Hénoch est le septième après Adam. Cela n’est mentionné nulle part ailleurs dans la Bible, ni dans l’Ancien ni dans le Nouveau Testament. Il en est question seulement dans le livre d’Hénoch (92.4). Ce chiffre correspond à la position qu’il occupe dans liste généalogique de Genèse 5, mais désigne peut-être aussi la perfection qui le caractérisait. En tant que « septième » depuis Adam, Hénoch n’est pas seulement d’un grand âge, mais résume encore en sa personne toute la lignée des saints patriarches.

Dans la tradition judaïque, il passe pour être le symbole de l’humanité perfectionnée. Le livre ne dit rien au sujet des choses terribles que les pécheurs ont prononcées contre Dieu.

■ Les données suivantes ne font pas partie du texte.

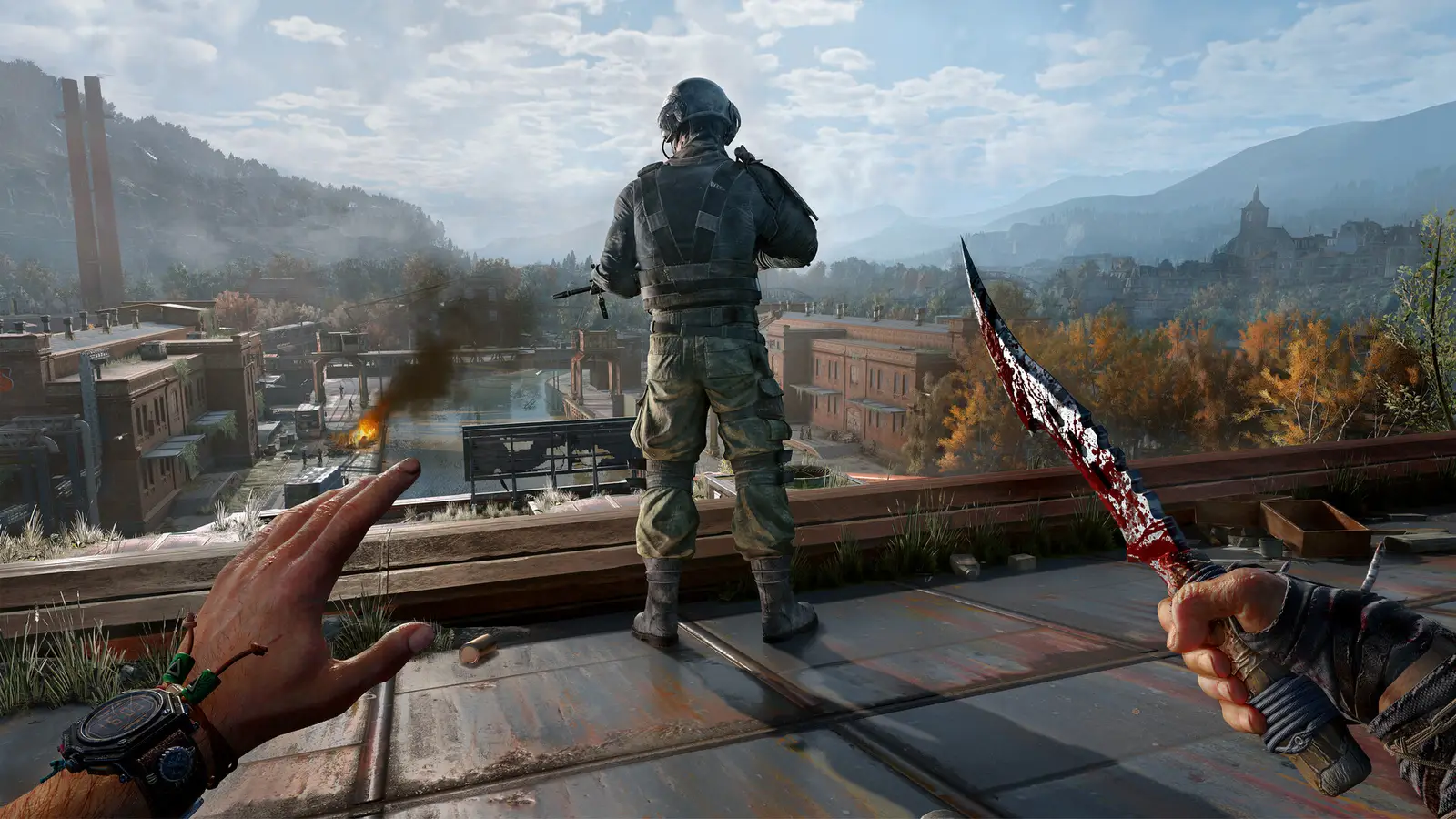 Dying Light: The Beast: кадр из игры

Jude cite le passage du livre d’Hénoch 1.9 pour appuyer sa propre affirmation relative à la destruction des docteurs impies. Selon l’antique prophétie, c’est le Seigneur en personne qui viendra avec ses anges pour punir les pécheurs qui ont parlé avec insolence contre lui et qui exposera au grand jour leur impiété, tandis que pour Jude il s’agit du jugement déjà prononcé lors de l’avènement de Jésus. Leur principale faute est leur arrogance et en leur esprit rebelle. Jude s’en prend aux hérétiques impies qui s’opposent à tout ordre établi.

Bo Reicke signale qu’une affaire politique sous le règne de l’empereur Domitien a pu donner lieu à cette nouvelle polémique de Jude. Les adversaires de Jude semblent être parmi ceux qui respectent des gens haut placés, avec l’arrière-pensée de soutirer des bénéfices de leurs relations sociales, et qui les soutiennent dans leur propagande. C’est une alliance d’intérêts. Il pourrait s’agir de riches citoyens romains cherchant à renverser le règne de Domitien pour revenir à un régime républicain.

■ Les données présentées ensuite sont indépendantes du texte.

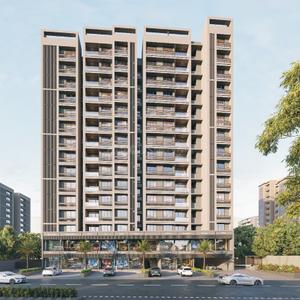 Image of 1485 Sq.ft 2 BHK Apartment / Flat for sale in Shivay Satkar Lakeview, Vaishno Devi Circle, Ahmedabad for Rs. 5115000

Domitien avait chassé les fomentateurs de rébellion, parmi lesquels des nobles, des sénateurs et même des proches familiers, dont le consul Acillius Glabrio, Fabius Clemens et sa femme Flavia Domitilla. Jude songe peut-être à ces séditieux, écrit Bo Reicke, sans reconnaître un caractère divin à l’État. Mais, en accord avec Romains 13, il invite les chrétiens à se soumettre aux magistrats. Toute opposition à l’autorité civile normale est signe de rébellion contre celui qui confère la mission de gouverner en son nom une société composée d’hommes pécheurs.

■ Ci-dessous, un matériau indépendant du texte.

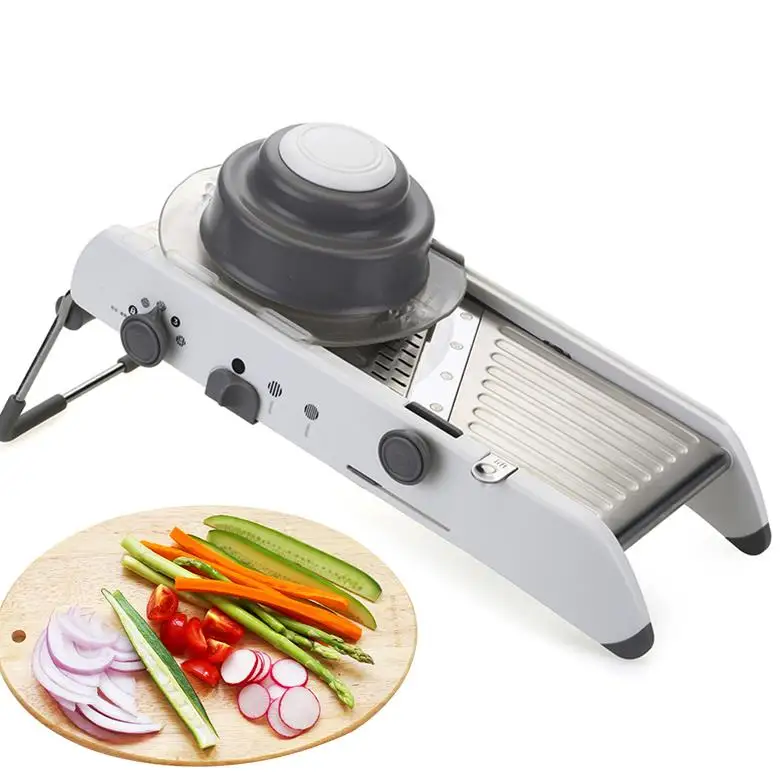 
Multifunctional intelligent stainless steel Mandoline vegetable slicer for home use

Jude traite ses adversaires de gens qui murmurent (« gongustes » en grec, ce qui est une onomatopée) et qui se plaignent sans cesse de leur sort. Leurs murmures proviennent de leurs convoitises, incitées par leurs passions (Jc 4.1-3). On observera dans la lecture de 2 Pierre 2.18 que les trompeurs sont aussi des hautains et des fanfarons dans leurs discours. Il n’est pas absolument certain que Jude songe ici aux opposants de l’empire. Mais l’avertissement qu’il adresse contre les mécontents et les murmureurs peut être lu en même temps que Jacques 2.2-9 et 2 Pierre 2.18, textes rédigés dans un climat spirituel, et peut-être politique, semblable.

Notre passage n’ajoute pas beaucoup à la connaissance de la nature de l’hérésie, mais il n’est pas sans objectif précis. Il montre également que les hérétiques sont des antinomistes. Nous savons que l’erreur qui cause une telle préoccupation à Jude est celle de l’opposition à toute loi révélée. Il cherche par conséquent à démontrer que de tels antinomistes appartiennent à cette catégorie de pécheurs qui, depuis toujours, ont été condamnés par les Écritures. Il les identifie plus particulièrement avec les pécheurs des derniers jours, dont le jugement au moment de la parousie a été prédit d’avance. La prophétie d’Hénoch rend ce point de l’enseignement de Jude particulièrement percutant et efficace.

Note

1. Au sujet de ce livre d’Hénoch, voir mon article intitulé Les apocryphes et les pseudépigraphes.